Forum Discussion
Well, whatever you see in the area report is an inaccurate estimation of resource utilization, and is just supposed to give you an idea of whether your kernel is going to fit on the FPGA or not. In fact, in Quartus v17.1 a new message has been added to the compiler's output that explicitly says so. The numbers in acl_quartus_report.txt are the final post-place-and-route area and timing results which are 100% accurate. The early estimation, which is based on some model Altera has developed, is required since the compilation and place and route might take a couple of hours and people generally cannot wait so long just to see if their kernel is going to fit on the device. However, the accuracy is low since modelling area utilization on FPGAs is not easy. There is one exception and that is DSP utilization; DSP utilization in the area report is accurate because modelling that is easy. The only possible source of discrepancy is if your BSP is reserving some DSPs but not using them, which will be counted in the area report but not the final report. In this case, the number of DSPs that are actually used will be equal to the number of DSPs reported in the area report minus the number of DSPs reserved by the BSP.
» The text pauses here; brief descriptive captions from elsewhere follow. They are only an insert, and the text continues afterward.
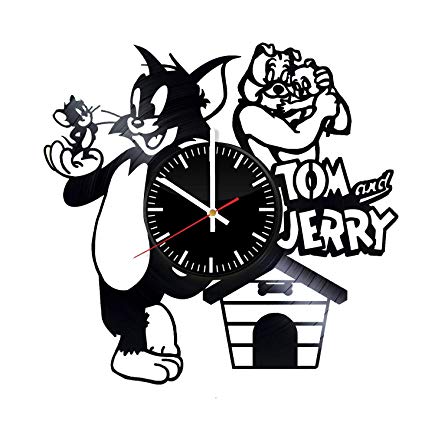 Amazon.com: Tom and Jerry Vinyl Record Wall Clock.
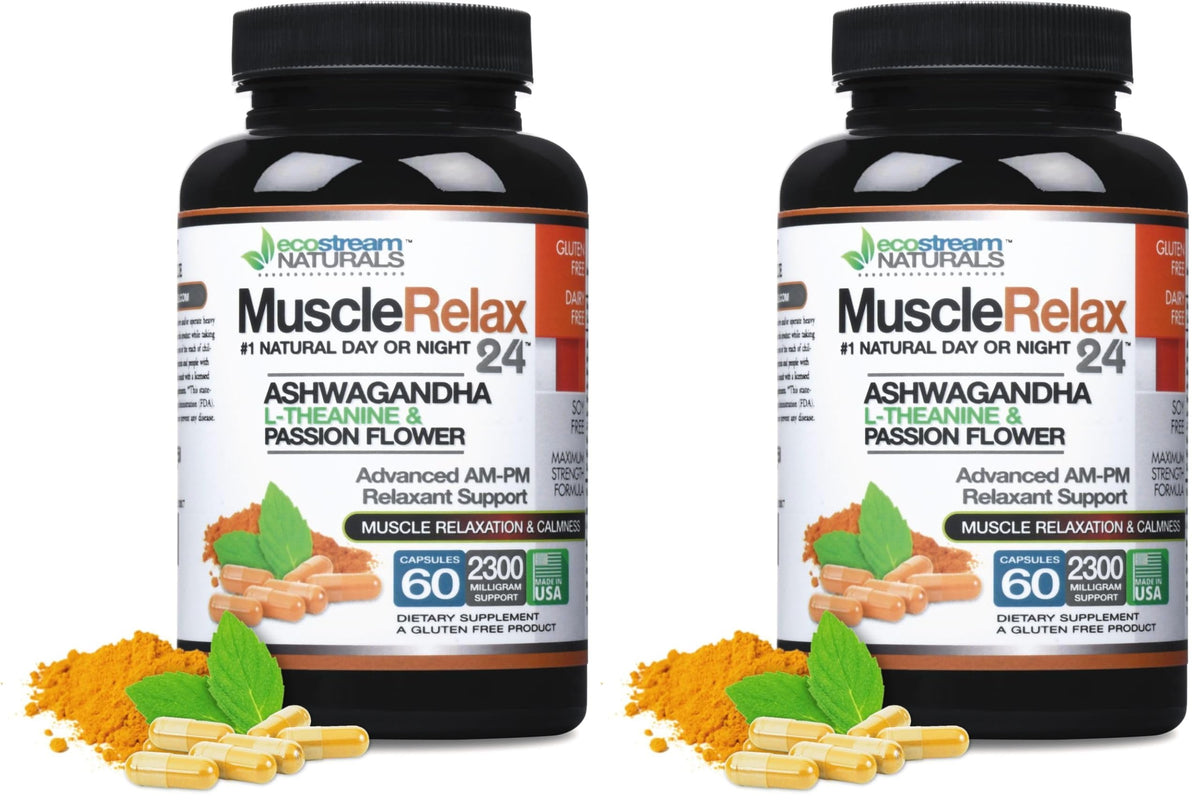 ecostream naturals relaxant bottle-label close-up shows ingredients for informed use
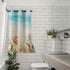 WARM TOUR Window Curtain Panel Coastal Beach Clear Water Printing Decor Durable Drapes for Bedroom Kitchen Living Room Seashell Starfish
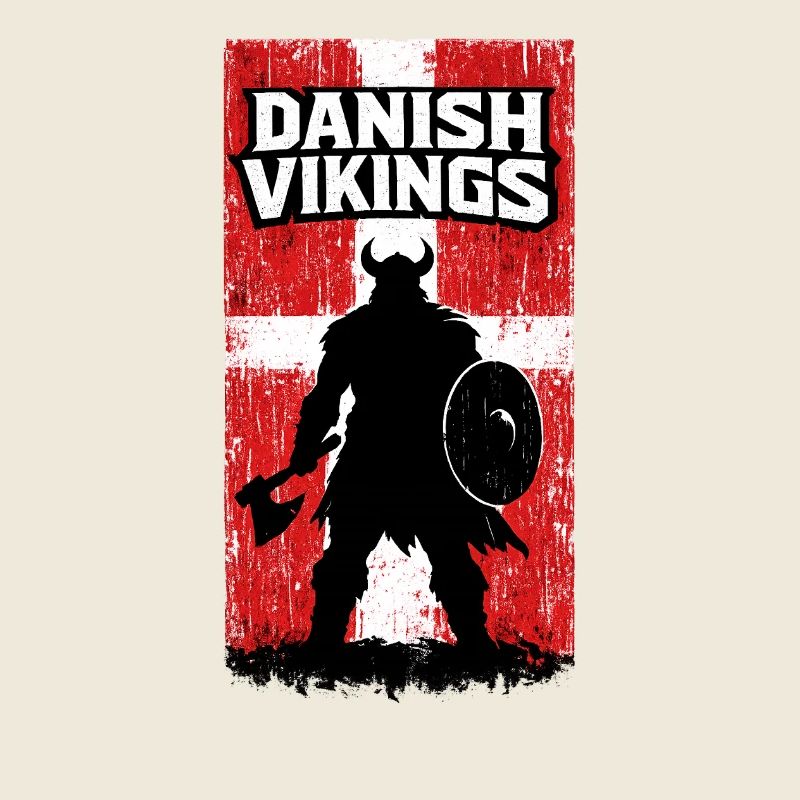 Vikings danois – Drapeau du Danemark du guerrier viking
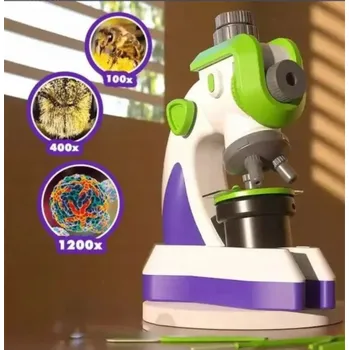 Mikroskop Bounn 2v1 fialový mikroskop + projektor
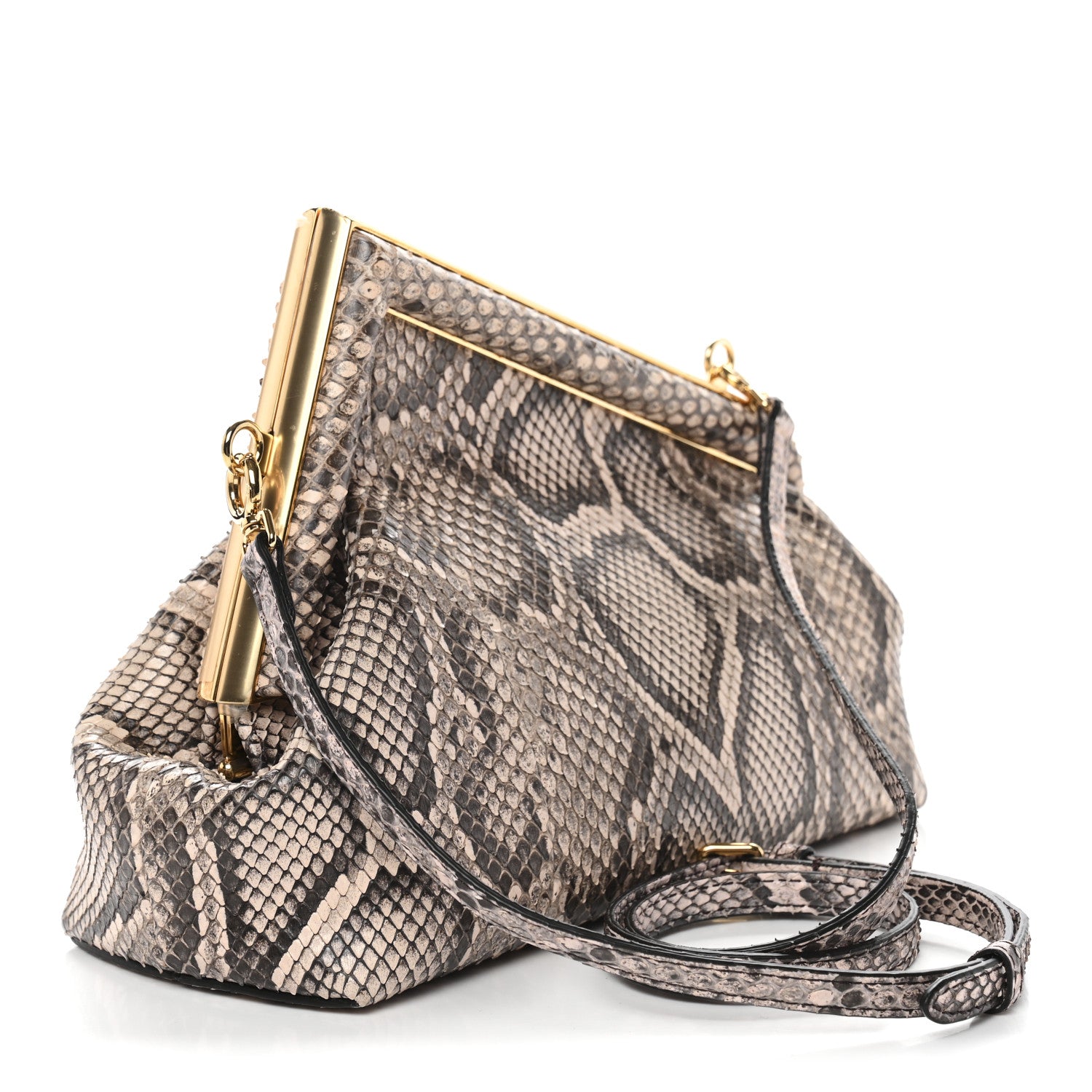 Fendi Snakeskin Small Fendi First Light Pink 1869694 – FASHIONPHILE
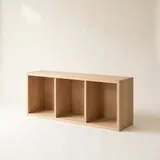 Kit low open bookshelf in pale oak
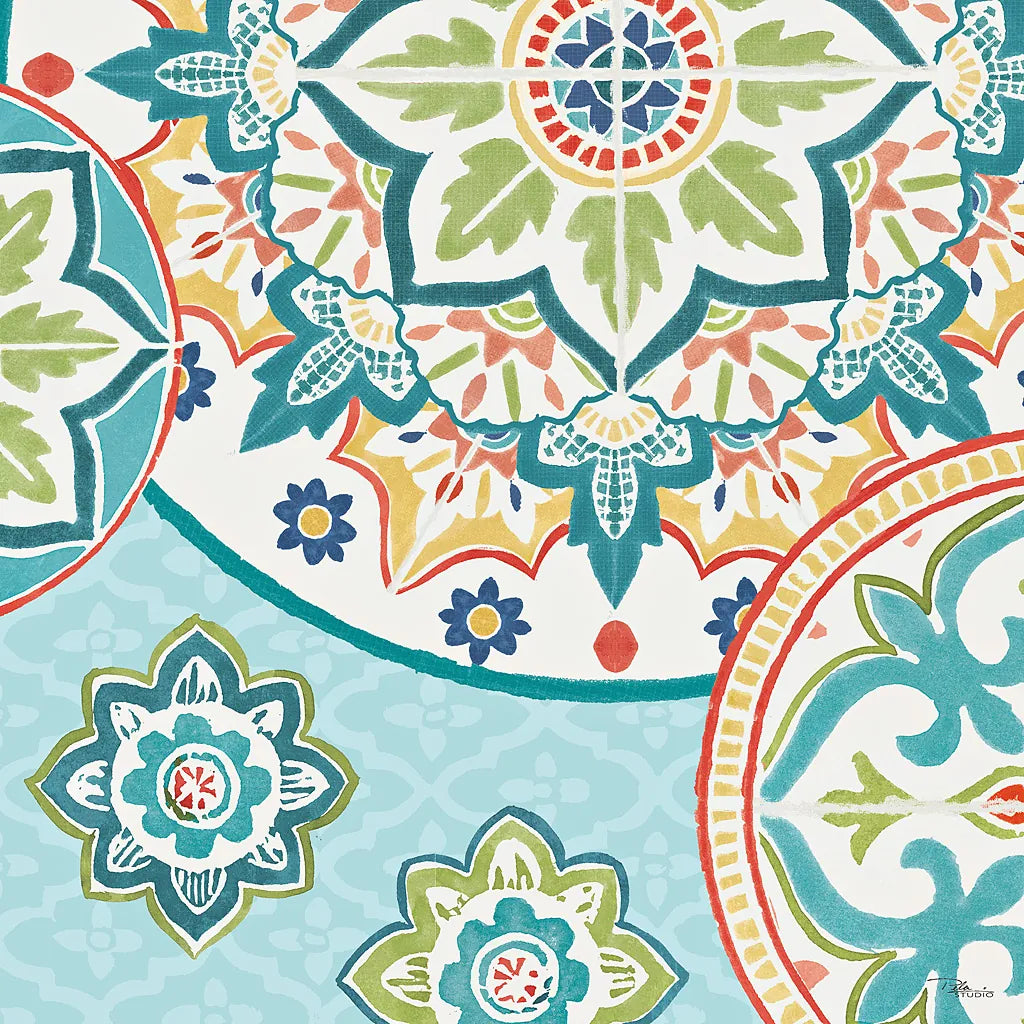 Colorful Journey II by Pela Studio. SKU 37863a. Archival Giclee Fine art print for wall decor.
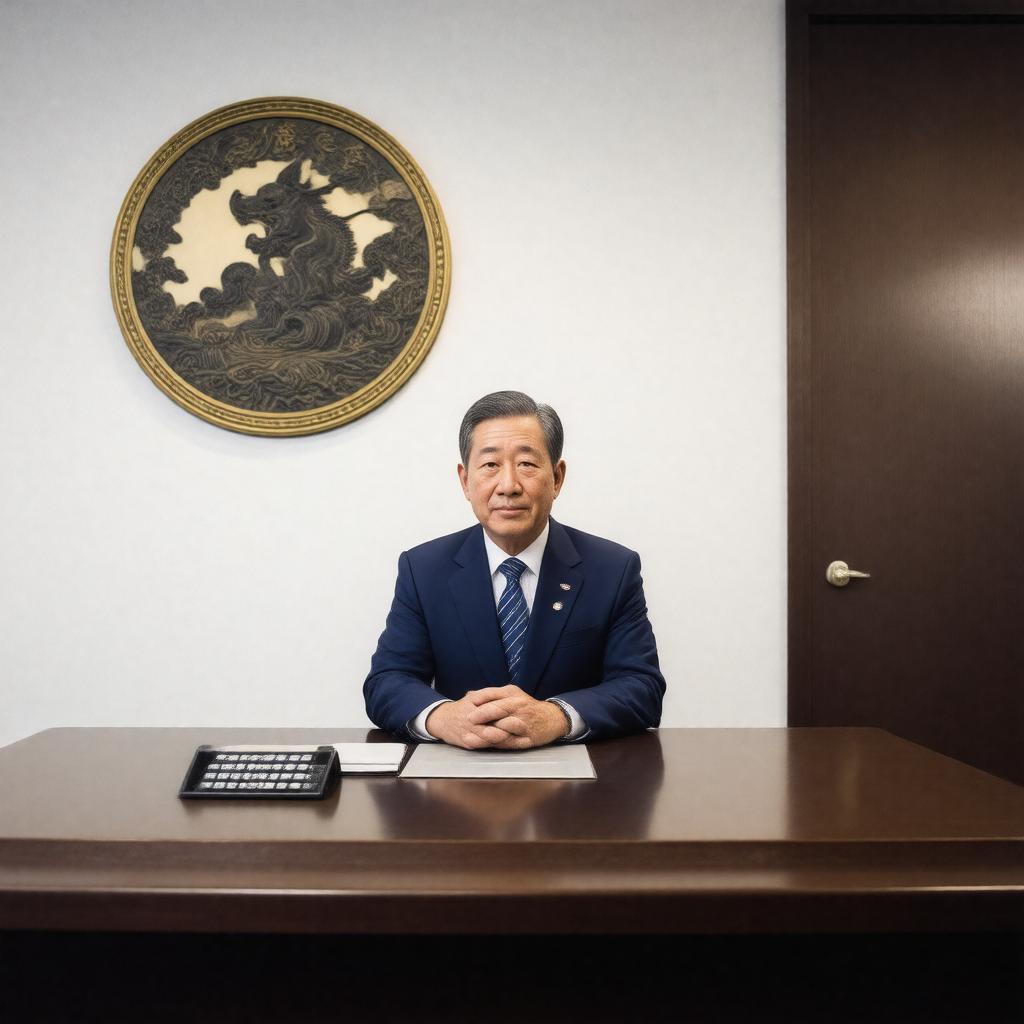 AI-created image of Chief Cabinet Secretary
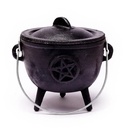 Chaudron en fonte symbole pentacle | 1080 g; 12x9.5 cm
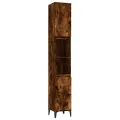Armoire de bain chêne fumé 30x30x190 cm bois d'ingénierie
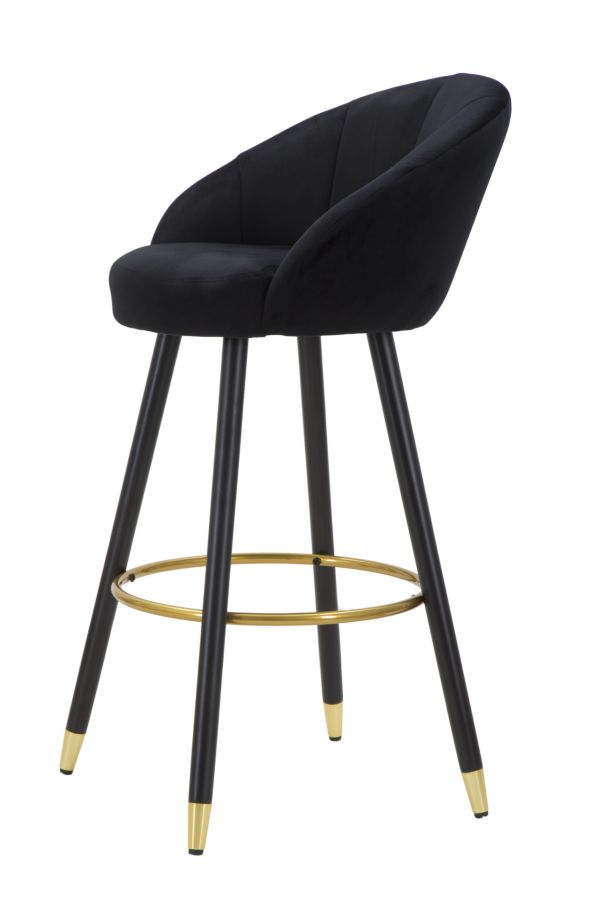 Bar szék Prague fekete 55x56x104 cm Bar Szék Prague Nero 55x56x104 cm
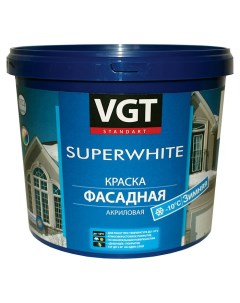 Краска фасадная для работ при отрицательных температурах Superwhite Вд Ак 1180 Вгт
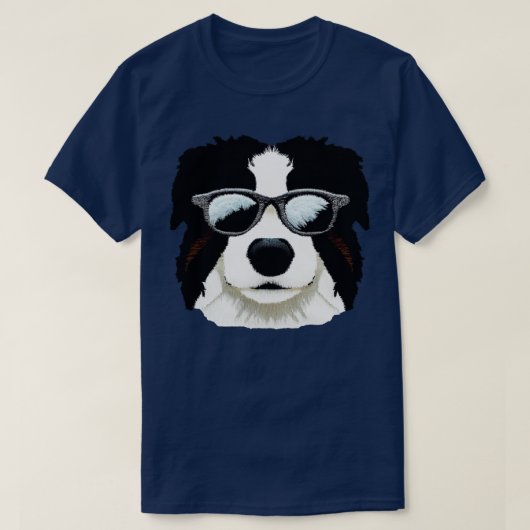 コリー縁どドッグ Tシャツ (デザイン正面)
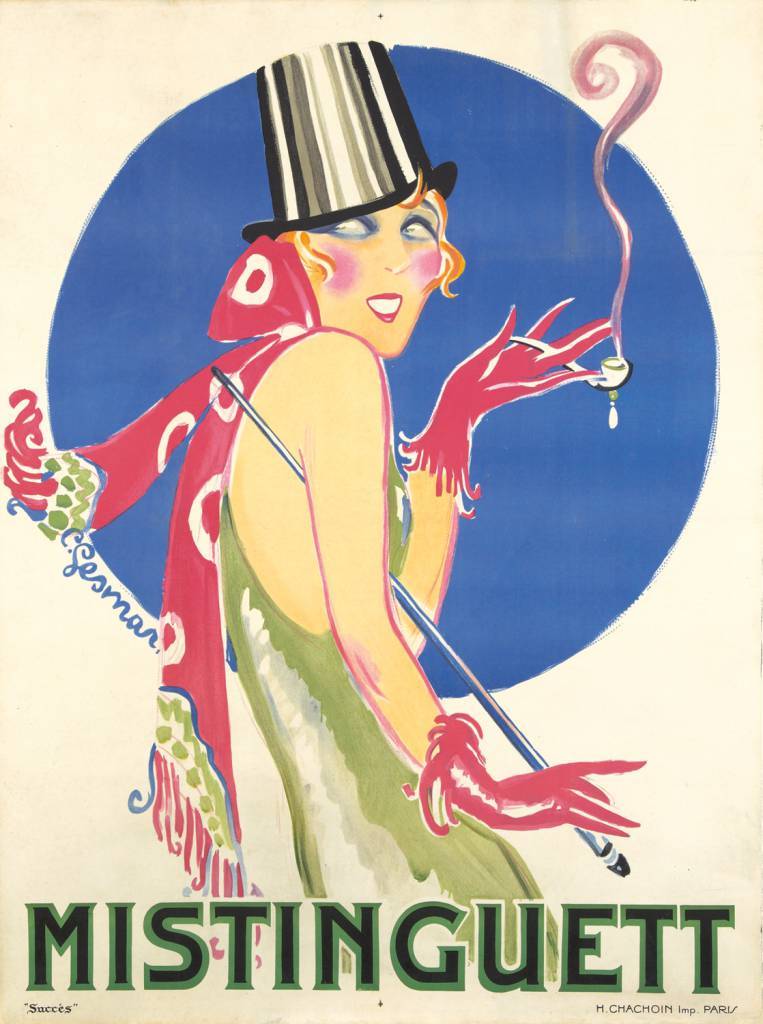 Mistinguett by Charles Gesmar, ca. 1927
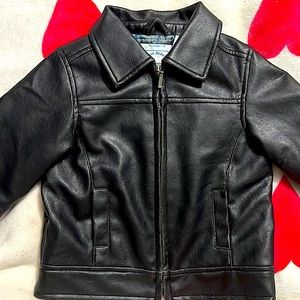 faux leather jacket size 18 months boys or girls.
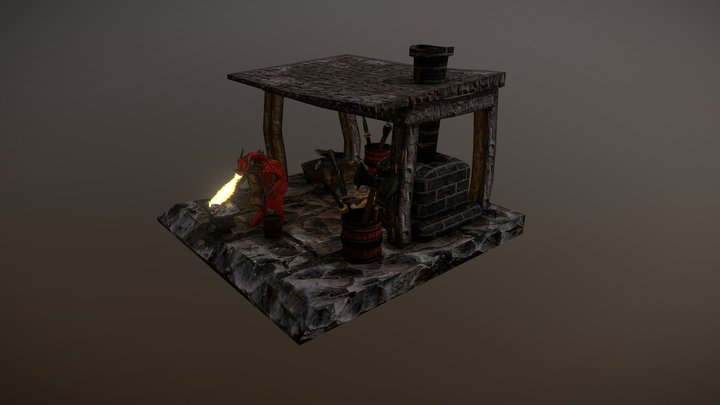 Dragon Blacksmith 3D Model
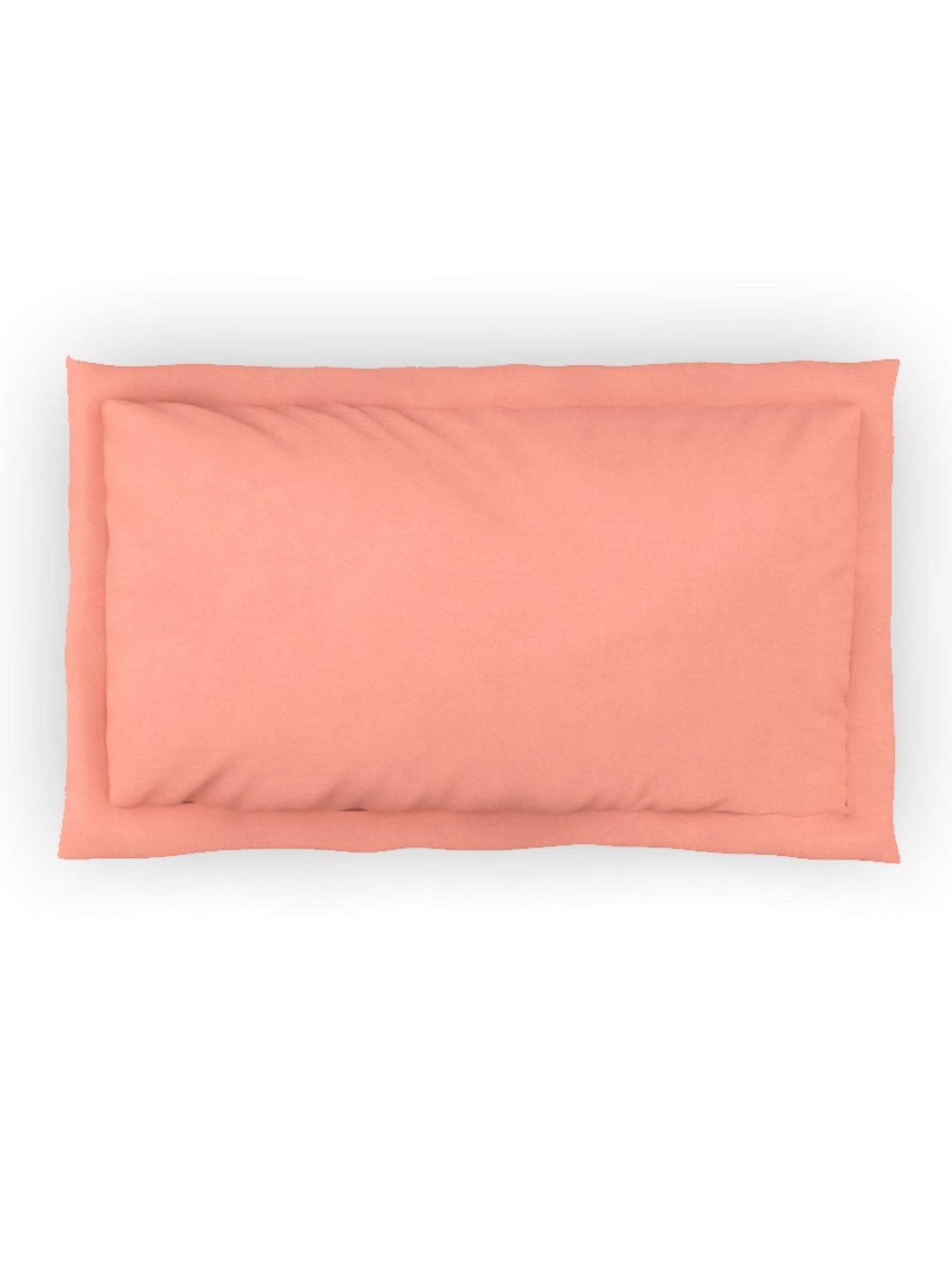 DDecor Solid Pink 180 TC Cotton Single Bed Sheet With 1 Pillow Cover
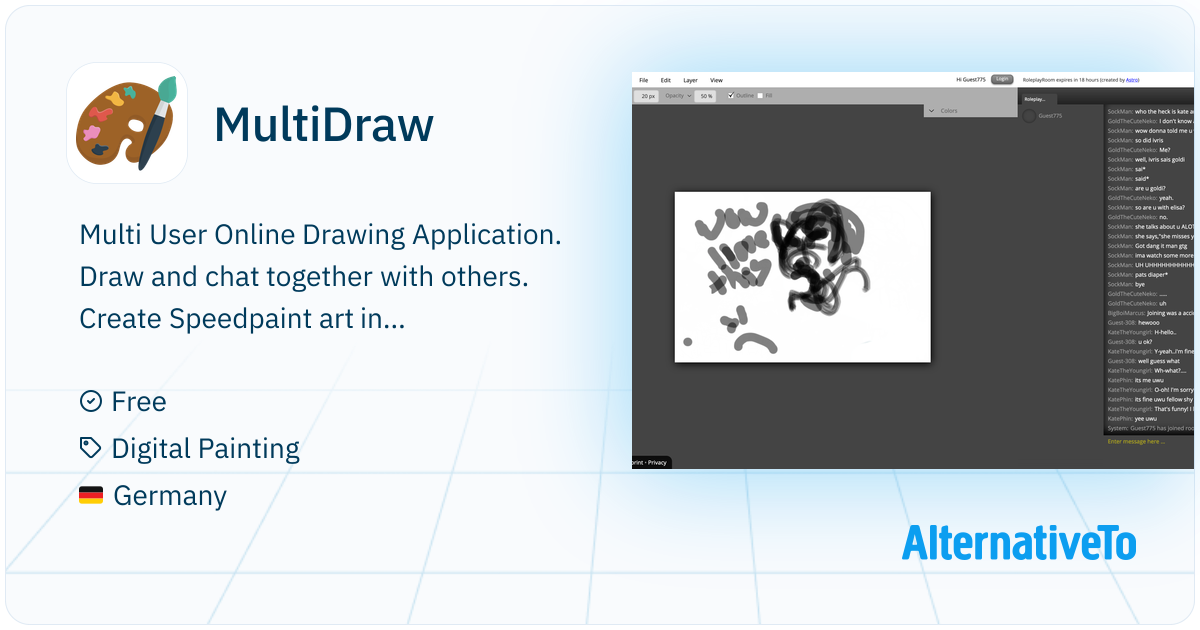 MultiDraw: Draw with others in real time | AlternativeTo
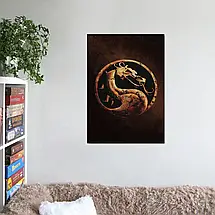 Плакат "Мортал Комбат, лого, Mortal Kombat, logo", 60×43см, фото 2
The operating frequency you see in acl_quartus_report.txt is the final real Fmax. Fmax cannot be easily estimated, hence there is no estimation in the area report (in fact, there was one in the early versions of AOC but they removed it since it was extremely inaccurate). Regarding latency, if you add up the latency of the different blocks in your kernel, you will get the minimum latency of the pipeline. The actual latency is always higher due to stalls from external memory and channel operations. Furthermore, since the latency of each block is for one loop iteration (single work-item kernels) or one work-item (NDRange kernels), if you want to get an estimation of minimum run time, you should multiply the latency of each block with its loop trip count or number of work-items that traverse it.